REQUIREMENT:
Look below for the line holding "A231 marker" and the line holding "Slika - Abstraktna gora (90x60 cm)". Transcribe exactly those lines and all lines between them, nothing more.

Data excerpts

────────────────

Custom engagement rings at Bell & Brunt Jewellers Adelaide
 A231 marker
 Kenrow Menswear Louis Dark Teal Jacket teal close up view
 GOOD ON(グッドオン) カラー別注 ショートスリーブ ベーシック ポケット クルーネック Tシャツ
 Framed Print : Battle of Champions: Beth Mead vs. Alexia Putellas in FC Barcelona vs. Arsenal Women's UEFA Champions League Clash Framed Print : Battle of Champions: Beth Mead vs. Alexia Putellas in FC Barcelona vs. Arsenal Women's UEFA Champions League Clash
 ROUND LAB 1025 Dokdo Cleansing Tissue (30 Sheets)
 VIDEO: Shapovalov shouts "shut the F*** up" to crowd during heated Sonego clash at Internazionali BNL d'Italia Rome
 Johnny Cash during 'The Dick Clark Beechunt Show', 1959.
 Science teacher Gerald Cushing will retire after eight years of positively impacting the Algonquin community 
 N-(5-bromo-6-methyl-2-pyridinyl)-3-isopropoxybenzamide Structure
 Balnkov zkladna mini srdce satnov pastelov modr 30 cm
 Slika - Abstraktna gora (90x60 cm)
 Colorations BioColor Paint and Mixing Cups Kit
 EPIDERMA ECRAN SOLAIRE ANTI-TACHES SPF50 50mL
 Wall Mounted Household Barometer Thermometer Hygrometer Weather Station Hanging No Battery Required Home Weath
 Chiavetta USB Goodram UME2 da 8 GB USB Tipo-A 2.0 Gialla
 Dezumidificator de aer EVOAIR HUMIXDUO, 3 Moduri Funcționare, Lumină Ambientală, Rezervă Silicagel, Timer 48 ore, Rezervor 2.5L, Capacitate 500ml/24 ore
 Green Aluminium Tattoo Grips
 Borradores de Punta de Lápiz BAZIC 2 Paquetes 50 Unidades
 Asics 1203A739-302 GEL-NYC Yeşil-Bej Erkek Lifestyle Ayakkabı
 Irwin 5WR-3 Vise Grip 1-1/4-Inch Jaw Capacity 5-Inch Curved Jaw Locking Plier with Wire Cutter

────────────────

RESPONSE FOR THIS EXERCISE:
 A231 marker
 Kenrow Menswear Louis Dark Teal Jacket teal close up view
 GOOD ON(グッドオン) カラー別注 ショートスリーブ ベーシック ポケット クルーネック Tシャツ
 Framed Print : Battle of Champions: Beth Mead vs. Alexia Putellas in FC Barcelona vs. Arsenal Women's UEFA Champions League Clash Framed Print : Battle of Champions: Beth Mead vs. Alexia Putellas in FC Barcelona vs. Arsenal Women's UEFA Champions League Clash
 ROUND LAB 1025 Dokdo Cleansing Tissue (30 Sheets)
 VIDEO: Shapovalov shouts "shut the F*** up" to crowd during heated Sonego clash at Internazionali BNL d'Italia Rome
 Johnny Cash during 'The Dick Clark Beechunt Show', 1959.
 Science teacher Gerald Cushing will retire after eight years of positively impacting the Algonquin community 
 N-(5-bromo-6-methyl-2-pyridinyl)-3-isopropoxybenzamide Structure
 Balnkov zkladna mini srdce satnov pastelov modr 30 cm
 Slika - Abstraktna gora (90x60 cm)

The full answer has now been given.